GIVEN MATERIAL:

*** Begin section ***

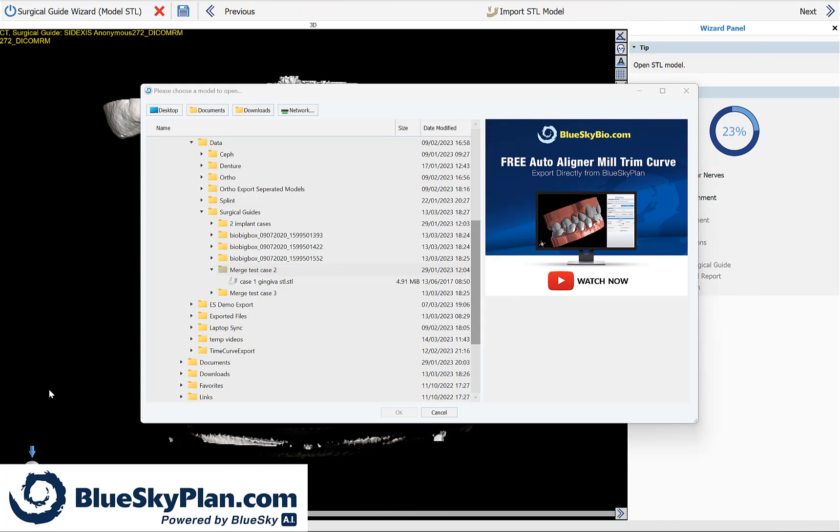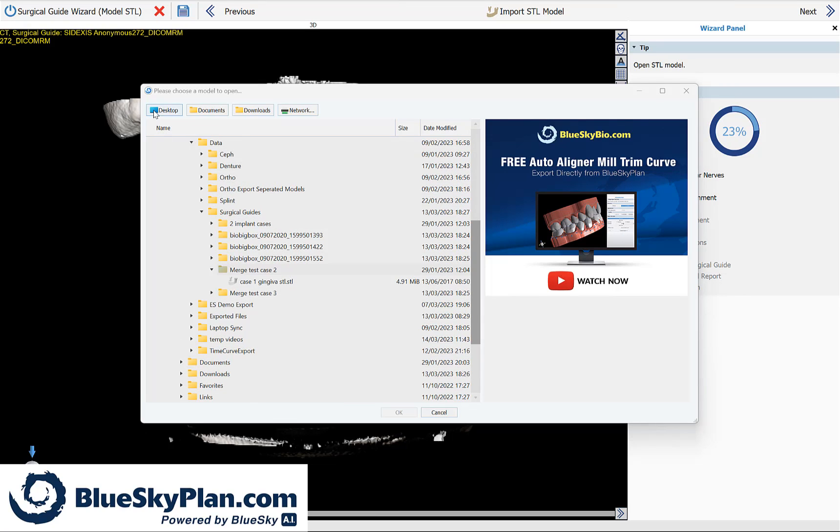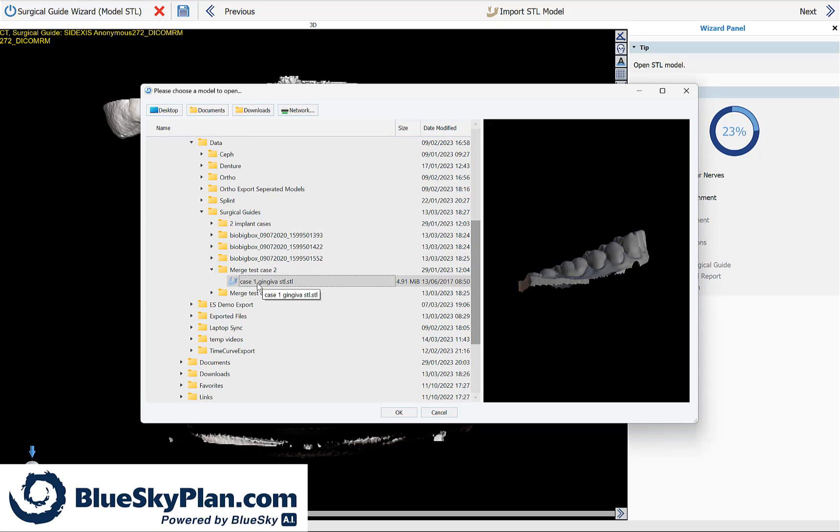The software now prompts you to select the model scan. Once again, you have your computer's directory with the shortcut buttons going across the top. Simply navigate to the relevant model scan. Select it by clicking with your left mouse button.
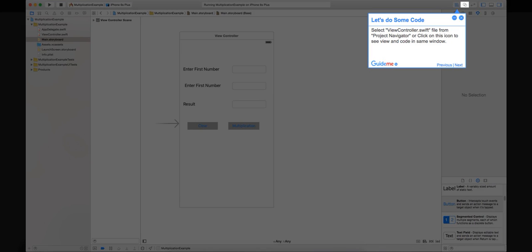Step 17: Let's do some code. Select view controller.swift file from project navigator or click on this icon to see view and code in same window.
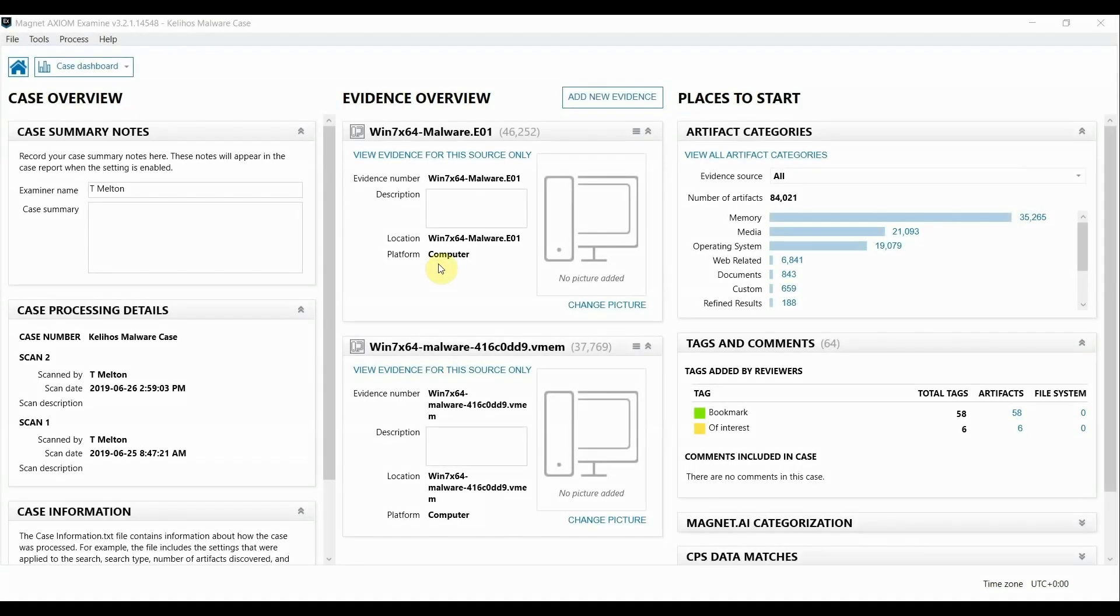Hey everyone, Tara Melton here with Magnet Forensics. Today I'm going to give a little bit of insight into how Axiom can help with some of your day-to-day investigations.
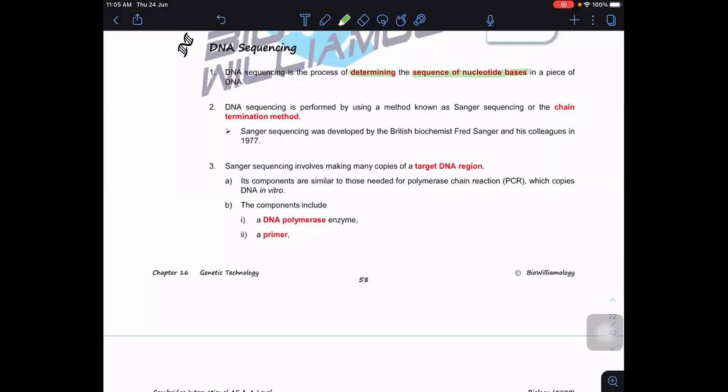For DNA sequencing, we want to determine the sequence of nucleotide bases. The method we use here is the chain termination method. It's a modified PCR — we use modifications of the PCR method to do this. So let's recall what PCR involves.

*** End section ***

The answer is the full listing above, reproduced character for character, minus its images.

WRITTEN SOLUTION:
The software now prompts you to select the model scan. Once again, you have your computer's directory with the shortcut buttons going across the top. Simply navigate to the relevant model scan. Select it by clicking with your left mouse button.
Step 17: Let's do some code. Select view controller.swift file from project navigator or click on this icon to see view and code in same window.
Hey everyone, Tara Melton here with Magnet Forensics. Today I'm going to give a little bit of insight into how Axiom can help with some of your day-to-day investigations.
For DNA sequencing, we want to determine the sequence of nucleotide bases. The method we use here is the chain termination method. It's a modified PCR — we use modifications of the PCR method to do this. So let's recall what PCR involves.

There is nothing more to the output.